On the first-ever Record Store Day in 2007, Reid Robinson didn't celebrate.
That's because the owner of Co-Op Records of Moline didn't find out about what is now an international holiday for independent record stores — which is held once a year, on the third Saturday of April — until its third birthday.
"The first couple ones were real minor and low key," Robinson said. "It took me a year or so to hear about it."
Today, there's nothing low key about Record Store Day, which marks its 10th year on Saturday.
"It's the biggest retail day of the year without question," said Robinson, who has owned the shop, which also houses a small music school offering guitar, bass, drums and piano lessons, for 22 years. "This year, they went all out. We're bringing in way more than we have in previous years."
During the annual ritual fit for vinyl lovers and collectors, Quad-City area stores, such as Robinson's Co-Op Records, Co-Ops Records of Davenport and Ragged Records, will have a hand in releasing more than 400 limited-edition titles in LP, EP, 45-rpm and box set formats. Stores also are offering discounts on used items.

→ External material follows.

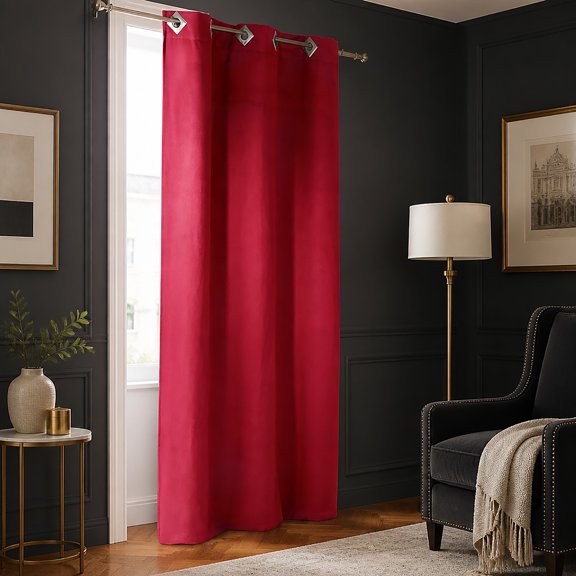 Solid Window Curtain Panel Grommet Suedine Red 55 W x 95 H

It's now a tradition for Ragged Records, in downtown Davenport, to host a full-day of live music, from Quad-City and Chicago based acts, on Record Store Day, according to owner Bob Herington.

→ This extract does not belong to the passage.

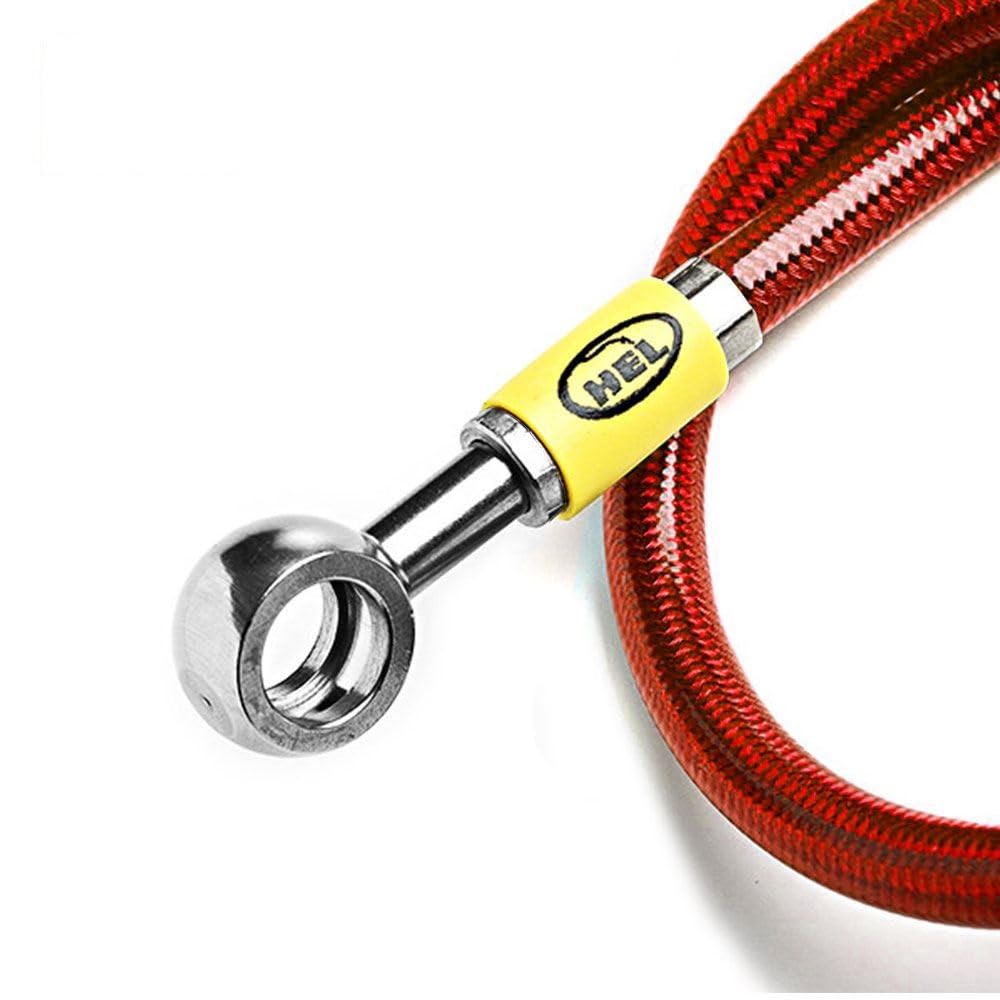 HEL Braided Motorcycle Brake Lines Hoses for Yamaha FZ6-S Fazer 04-06 (Transparent Red, Over Mudguard - Front Only (2 Hose Kit)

"It's a huge event for us and it's a big undertaking," he said. "We've seen huge growth over the years."
In previous years, the store, which shares a space with vintage clothing store Trash Can Annie's, has seen a line of 200 people awaiting its 9 a.m. opening time on Record Store Day.
"Everything is so limited that people line up to get that thing before the person behind them does," Herington said. "Some are these pretty hard to get."
Some exclusives up for grabs on Saturday include reissues of David Bowie's "Cracked Actor" and "Bowpromo," multiple special 12-inch singles from Prince, plus titles from Jason Isbell and the 400 Unit, The War On Drugs, Miley Cyrus and Tegan and Sara.
Robinson said the resurgence of vinyl — and Record Store Day — has filled his shop with music lovers of all ages.
"For people in my generation, records were everywhere," he said. "But for those in their 20s, it's like a new format that they get to experience for the first time."
The Co-Op Records owner, who has worked in music stores since he was 19, says that means his job is still "as fun as it sounds."
"For a while, we were just punching the clock. Things got stagnant," Robinson said. "Now it feels like I'm back working in the 1980s again."